We hope this dataset can serve as a useful research benchmark for high-precision conditional text generation.

You can find more details, analyses, and baseline results in our paper. You can cite it as follows:

@inproceedings{parikh2020totto,
  title={{ToTTo}: A Controlled Table-To-Text Generation Dataset},
  author={Parikh, Ankur P and Wang, Xuezhi and Gehrmann, Sebastian and Faruqui, Manaal and Dhingra, Bhuwan and Yang, Diyi and Das, Dipanjan},
  booktitle={Proceedings of EMNLP},
  year={2020}
 }

Getting Started

Download the ToTTo data

The ToTTo dataset is released under the Creative Commons Share-Alike 3.0 license.

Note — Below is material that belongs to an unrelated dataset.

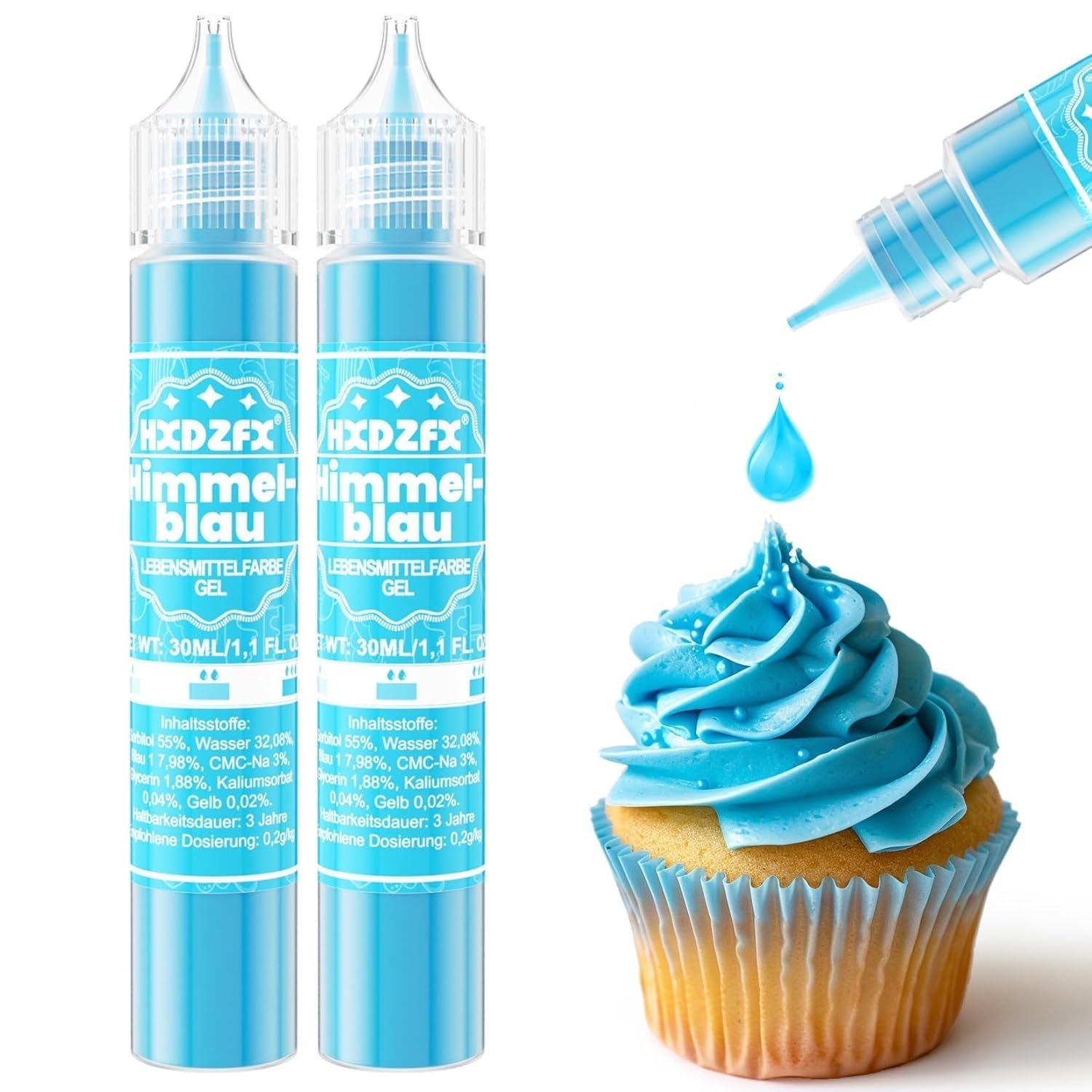 Gel-Lebensmittelfarbe – HXDZFX 2×30 ml, zuckerfreie Lebensmittelfarbe, hochkonzentriert, zum Dekorieren von Kuchen, weißem Fondant, Makronen, Keksen, Backen, Ostereiern, Schleim (Traubenviolett)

To download the data from the command line:

 wget https://storage.googleapis.com/totto-public/totto_data.zip
 unzip totto_data.zip

(or alternatively copy the above url into your browser address bar.)

Inside the totto_data directory you should see three files: totto_train_data.jsonl, totto_dev_data.jsonl, and unlabeled_totto_test_data.jsonl for the training, development, and unlabeled test sets respectively.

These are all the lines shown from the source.